The minimum cross-sectional area of the channel 44 and/or 46 preferably exceeds the cross-sectional area of the suction chamber 36 in a plane which includes the axis of the core 38. This insures that the channels 44, 46 act not unlike magazines for storage of air and thus prevent abrupt fluctuations of pressure in the suction chamber 36.

The assembly conveyor 3 constitutes a means for supplying commodities (groups G) to the transfer station 42, and the wrapping conveyor 22 constitutes a means for receiving commodities (groups G and uniting bands 20) at the transfer station 43.

The operation of the apparatus shown in FIGS. 2 and 3 is as follows:

When the filter cigarette making machine which embodies the conveyors 3, 13, 19 and 22 of FIG. 2 is started, the assembly conveyor 3 begins to deliver groups G (each such group comprises two plain cigarettes of unit length and a filter plug of double unit length therebetween) to the transfer station 42 where the groups enter successivie flutes 33 of the cylindrical envelope 37 which is driven by gear 37a in synchronism with the assembly conveyor 3 so that successive flutes 3b arriving at the station 42 register with successive empty flutes 33. Since the air intake end of the channel 44 always faces the transfer station 42, and since the resistance which the suction chamber 36 offers to the flow of air from the air discharge ends of unobstructed ports 34 toward the outer end of the channel 44 is high, suction at the outer end of the channel 44 suffices to effect an automatic transfer of groups G from successive filled flutes 3b into successive empty flutes 33.
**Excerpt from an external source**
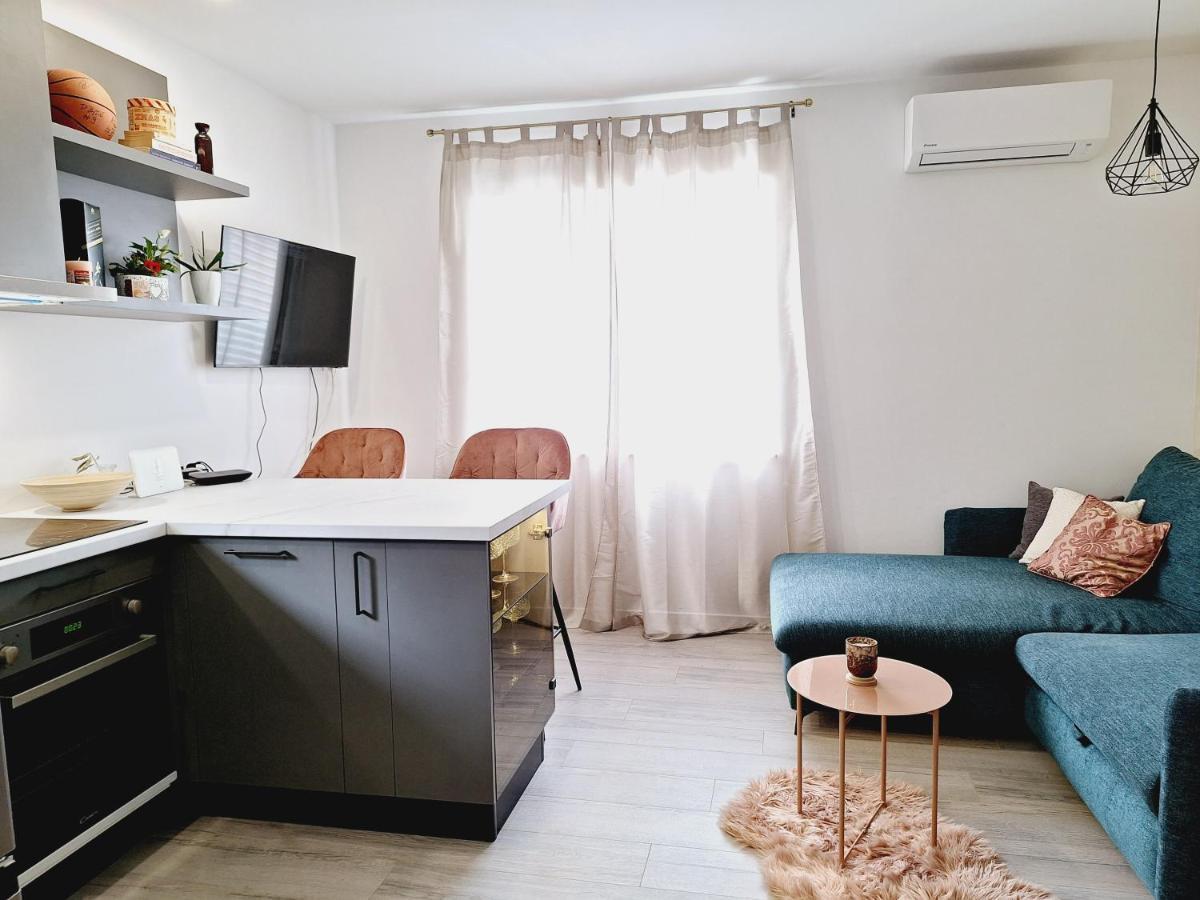 Апартаменты Apartman Maja **** Шибеник Экстерьер фото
When the foremost group G enters an empty flute 33 at the transfer station 42, the air intake (outer) ends of the corresponding ports 34 are sealed and the suction at the air discharge (inner) ends of such ports increases. Such increased suction "travels" with the respective flute 33 from the transfer station 42 toward the transfer station 43 to thus insure that the group G continues to adhere to the concave surface which surrounds the respective flute 33. The empty flutes 33 which precede the just discussed (freshly filled) flute 33 do not affect the retaining action of foremost obstructed ports 34 due to the aforementioned high resistance which the suction chamber 36 offers to the flow of air from the inner ends of unobstructed ports 34 toward the air intake end of the channel 44 in the cylindrical core 38.

The retaining action of suction in the chamber 36 increases gradually to a certain extent while the number of unoccupied flutes 33 between the transfer stations 42 and 43 decreases. Successive groups G which travel past the continuously rotating suction conveyor 19 between the transfer stations 42 and 43 are provided with adhesive-coated uniting bands 20 which are attached thereto in such a way that they extend substantially tangentially of the respective groups. The flutes 22b of the wrapping conveyor 22 are relatively shallow and are in communication with suction ports (not shown) so that the conveyor 22 receives successive groups G from successive flutes 33, preferably in such a way that each uniting band 20 is attracted to the periphery of the conveyor 22 between two neighboring flutes 22b. The outer or air intake end of the channel 46 is shown as being located slightly downstream of the transfer station 43 so that suction in the ports of the wrapping conveyor 22 need not greatly exceed suction in that portion of the chamber 36 which is adjacent to the transfer station 43.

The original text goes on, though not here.